With the pictures left out, retype exactly the lines below starting at the line that contains "Frau Wissenschaft, Ausstellungs- und" and ending at the line that contains "Pietre preziose: Schöner".

__INPUT__:
# # # # #

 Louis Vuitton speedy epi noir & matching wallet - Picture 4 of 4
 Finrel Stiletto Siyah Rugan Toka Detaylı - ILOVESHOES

# # # # #

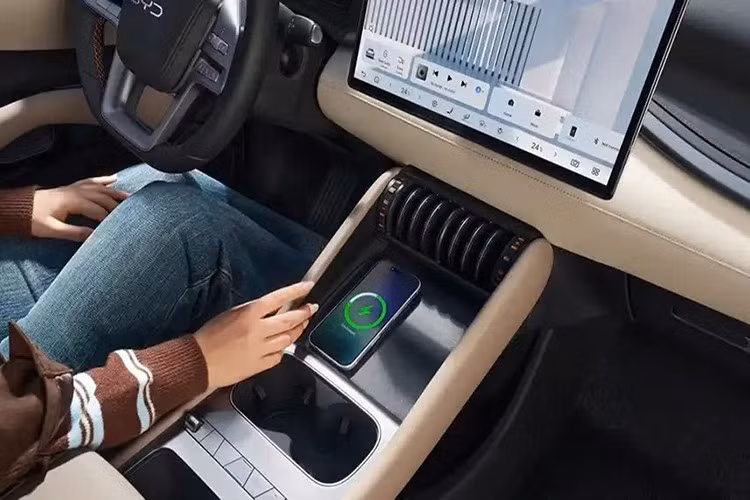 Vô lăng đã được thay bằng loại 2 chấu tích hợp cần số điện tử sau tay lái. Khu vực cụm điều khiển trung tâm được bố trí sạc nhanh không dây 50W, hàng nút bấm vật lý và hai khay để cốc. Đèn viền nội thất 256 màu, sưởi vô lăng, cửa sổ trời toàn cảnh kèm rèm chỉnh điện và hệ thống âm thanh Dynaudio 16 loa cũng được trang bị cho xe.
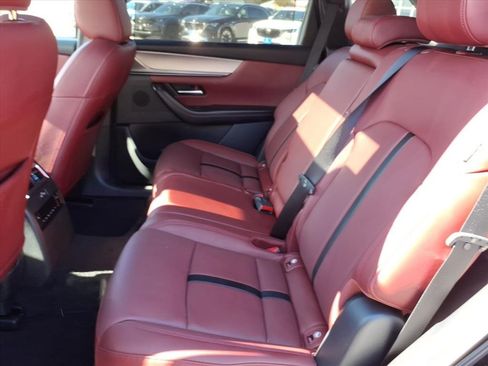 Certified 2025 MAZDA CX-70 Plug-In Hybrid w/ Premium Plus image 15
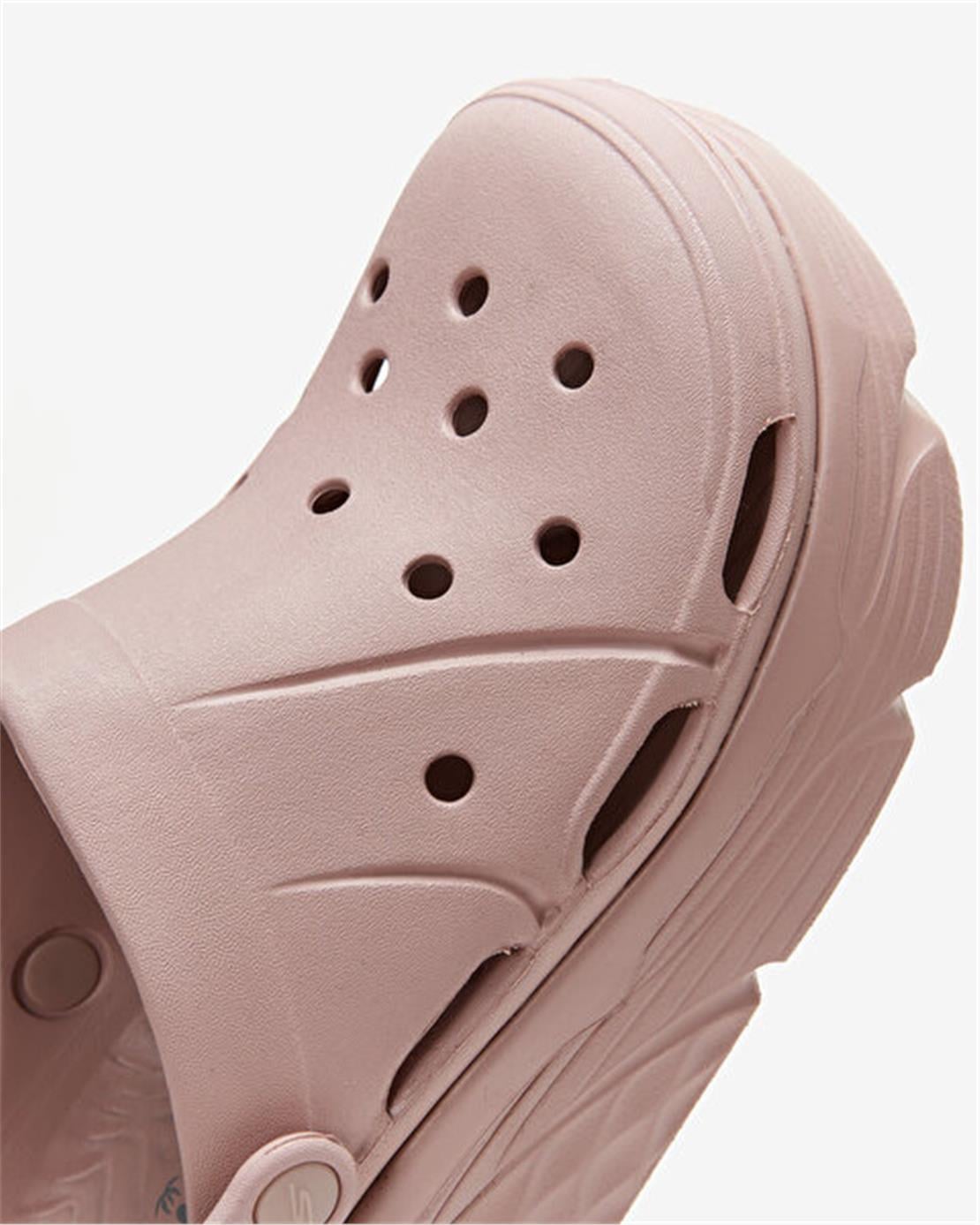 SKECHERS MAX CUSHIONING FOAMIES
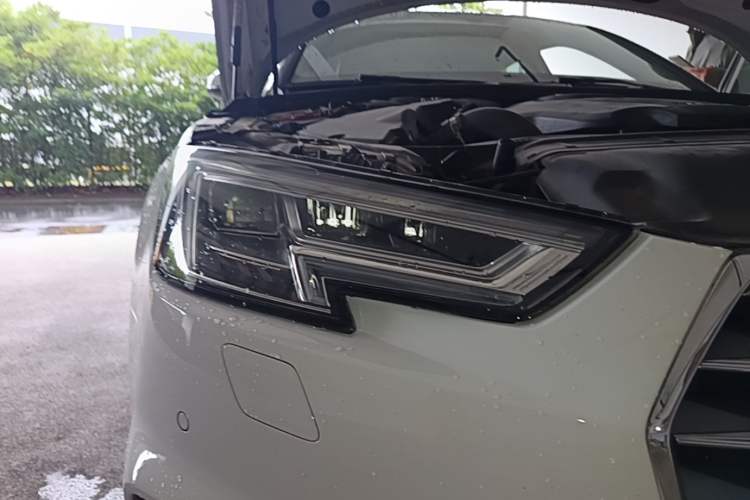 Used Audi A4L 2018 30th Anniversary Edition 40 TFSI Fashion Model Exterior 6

# # # # #

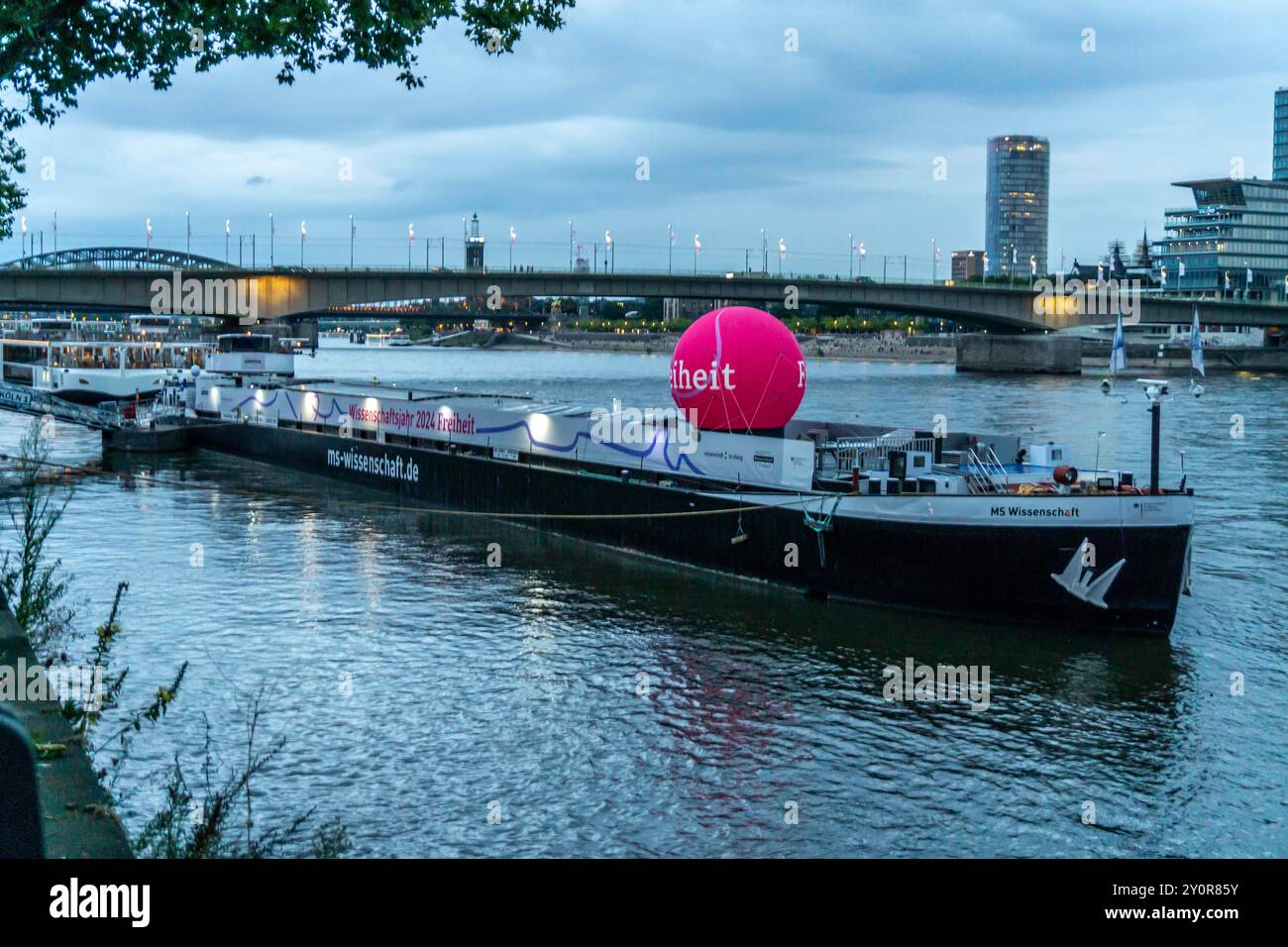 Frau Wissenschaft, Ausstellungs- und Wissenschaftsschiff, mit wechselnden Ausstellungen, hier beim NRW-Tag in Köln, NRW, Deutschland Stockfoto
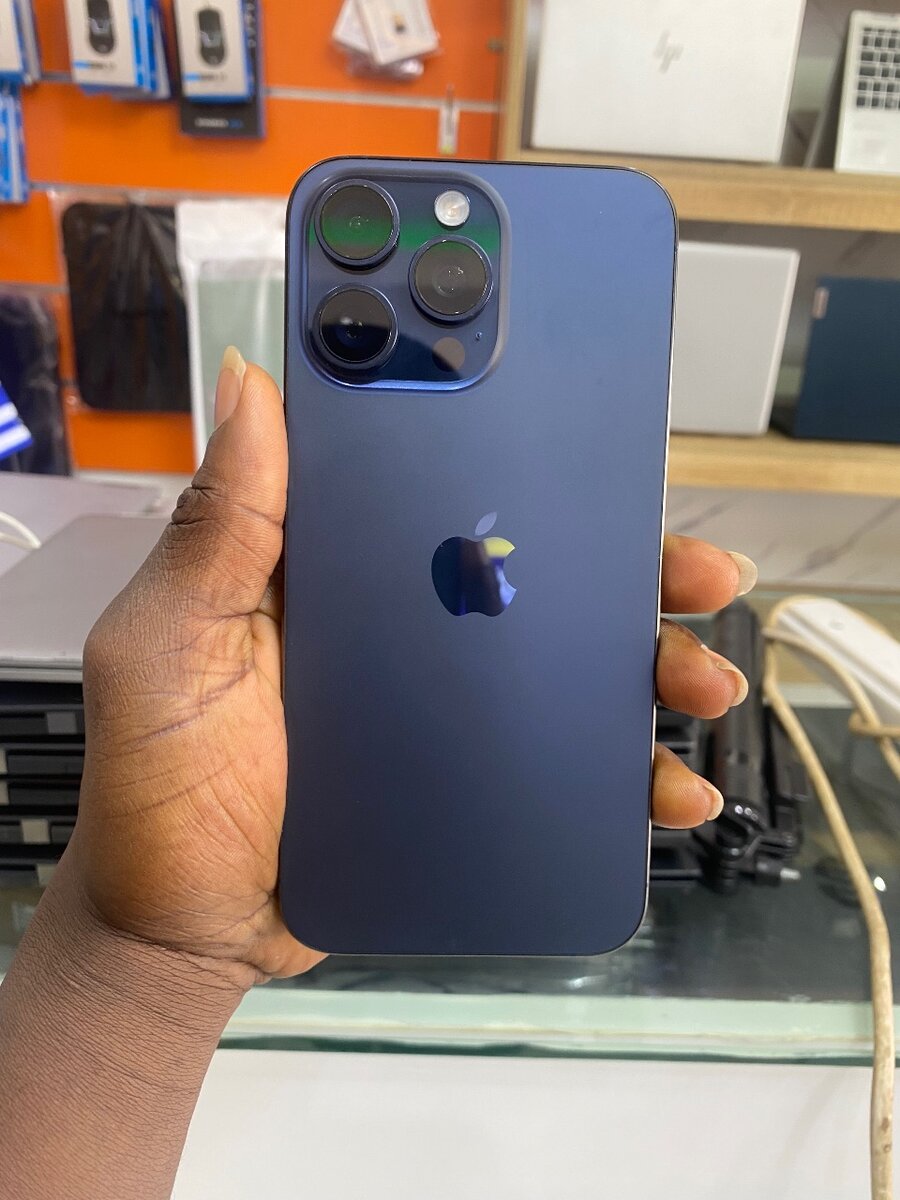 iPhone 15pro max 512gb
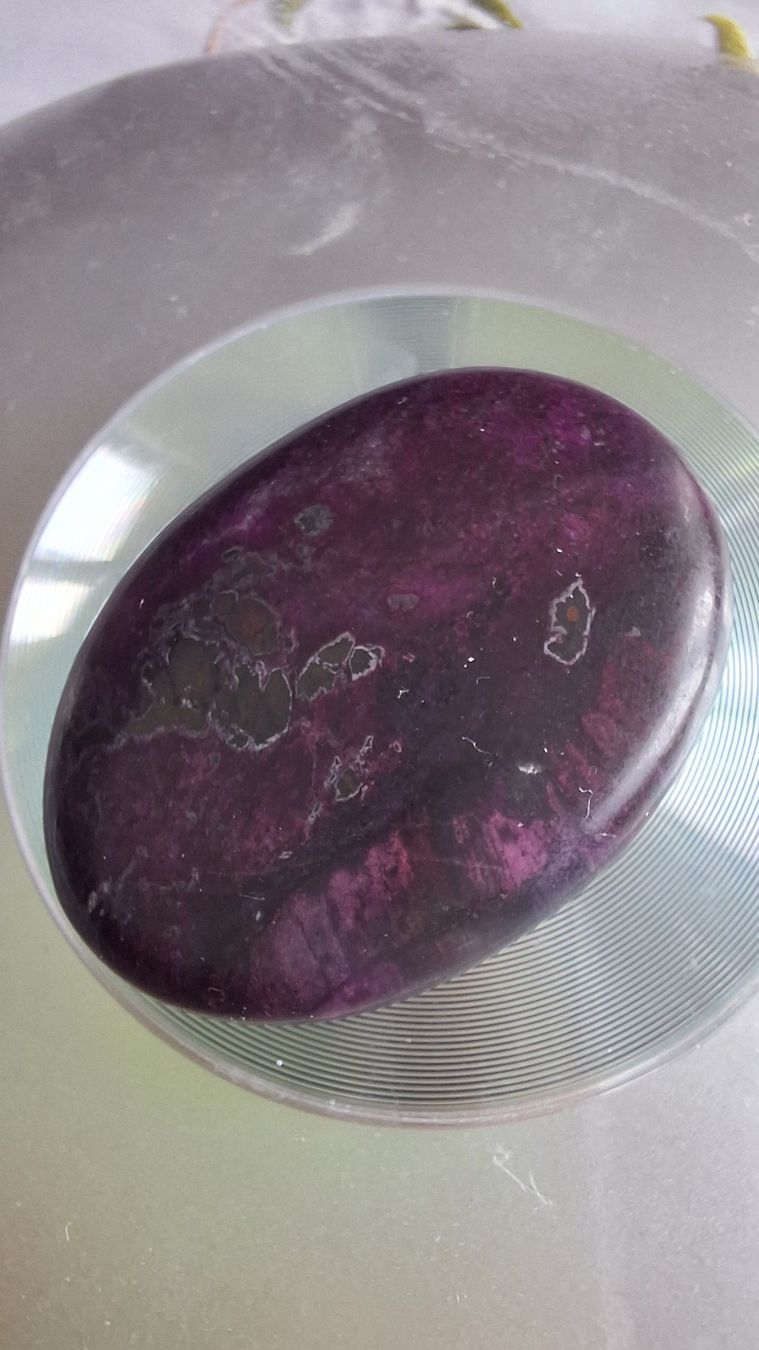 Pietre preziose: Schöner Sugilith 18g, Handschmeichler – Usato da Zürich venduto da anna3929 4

# # # # #

__REPLY TO THE EXERCISE__:
 Frau Wissenschaft, Ausstellungs- und Wissenschaftsschiff, mit wechselnden Ausstellungen, hier beim NRW-Tag in Köln, NRW, Deutschland Stockfoto
 iPhone 15pro max 512gb
 Pietre preziose: Schöner Sugilith 18g, Handschmeichler – Usato da Zürich venduto da anna3929 4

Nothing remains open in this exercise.